Officials tested what was in the items and found traces of Propofol and Lidocaine, according to the transcript. But the amounts of the substances were not determined, and defense attorneys contend that may be significant in the case expected to hinge on technical and scientific data.
Superior Court Judge Michael Pastor declined to order testing on the substances Tuesday because he wanted defense attorneys to confer further with prosecutors.
The judge might order the testing late next week if the two sides can agree on how it will be conducted.
“I want to act as quickly as we can,” Pastor told the attorneys.
Still, defense attorney Ed Chernoff struck an urgent tone, telling the judge, “We are doing it because the house is on fire. We need a hose.”
Chernoff said substances in one broken syringe found at the mansion had dried up since June 2009, when Pastor ordered the evidence preserved. The tests sought by Murray’s attorneys will destroy the samples and can only be performed once.
Prosecutor David Walgren questioned why defense attorneys had not raised the issue sooner.

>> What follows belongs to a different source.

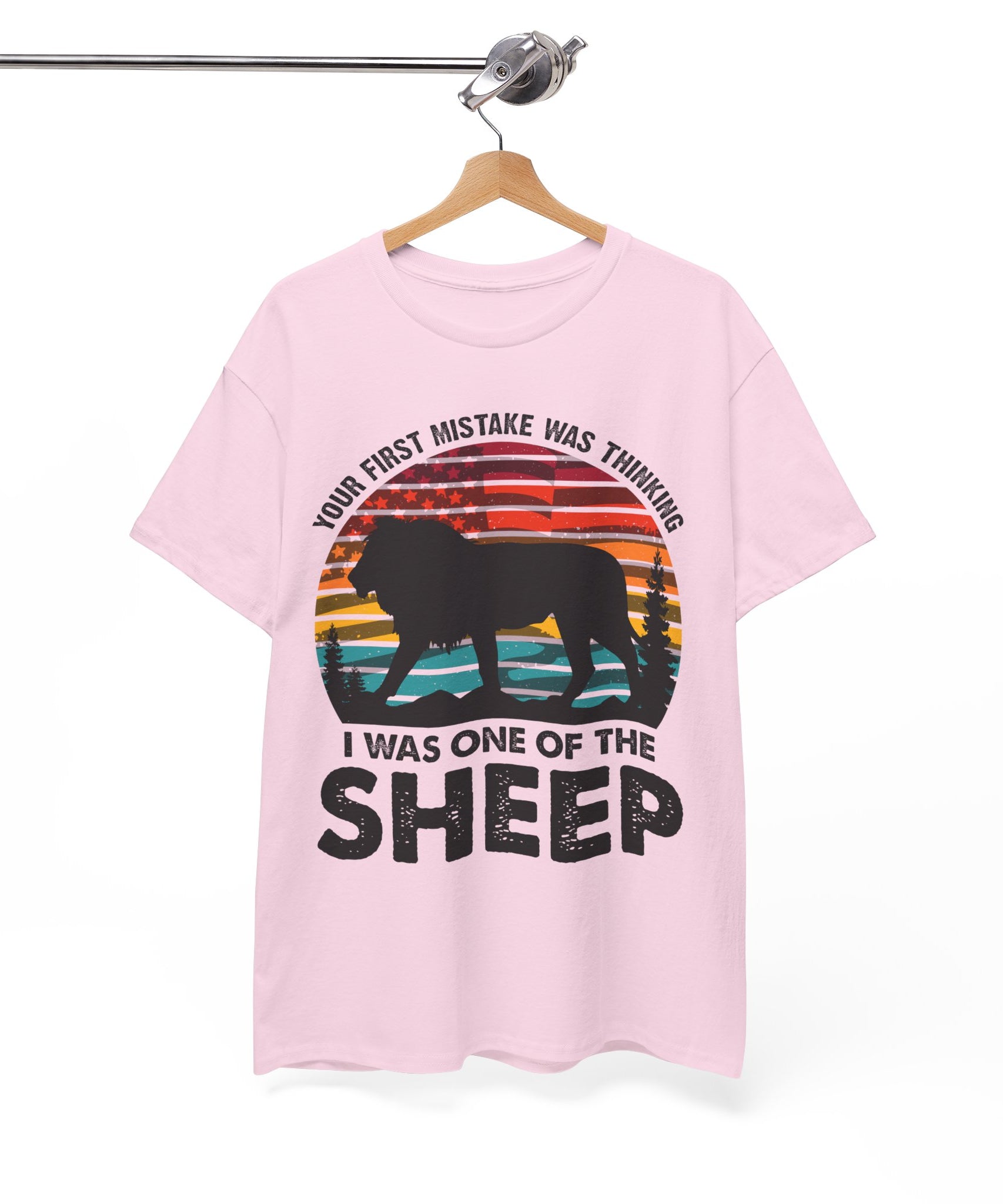 Bold Lion Tee with USA Flag Sunset | Gallory Hive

“There are very technical, complex issues,” he told the judge, adding he thought an agreement on the testing could eventually be reached.

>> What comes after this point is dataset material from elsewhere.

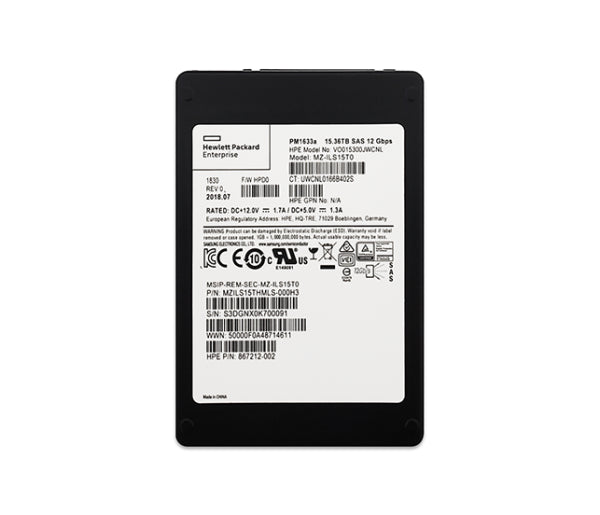 MZ-ILS15T0 Samsung PM1633a Series 15.36TB Triple-Level Cell SAS 12Gb/s 2.5-inch Solid State Drive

Defense attorney J. Michael Flanagan told the judge his efforts to get the substances tested has been delayed because an expert in the Los Angeles County coroner’s office had been on a lengthy vacation. He argued the tests should have been done after Michael’s death.
“It hasn’t been done yet,” Flanagan said. “It should have been done a year ago.”
Tissue samples in Michael’s body were tested for levels of various substances and led to the coroner’s determination that the pop singer died in part from acute Propofol intoxication.
The tests are likely to be conducted by the coroner’s office. Flanagan said the agency told him the makeup of the liquids in the syringes and IV bag were not tested because the values were not necessary to establish the cause of Michael’s death.
Flanagan said in the closed session that the results of the tests “would be very helpful information perhaps for both sides.”
Chernoff told the judge results of the testing, which could take a month or more to complete, would not be used during a preliminary hearing scheduled to begin Jan. 4th.
Prosecutors will lay out some of their evidence during the hearing, and Pastor will then decide whether there is enough evidence to order Murray to stand trial.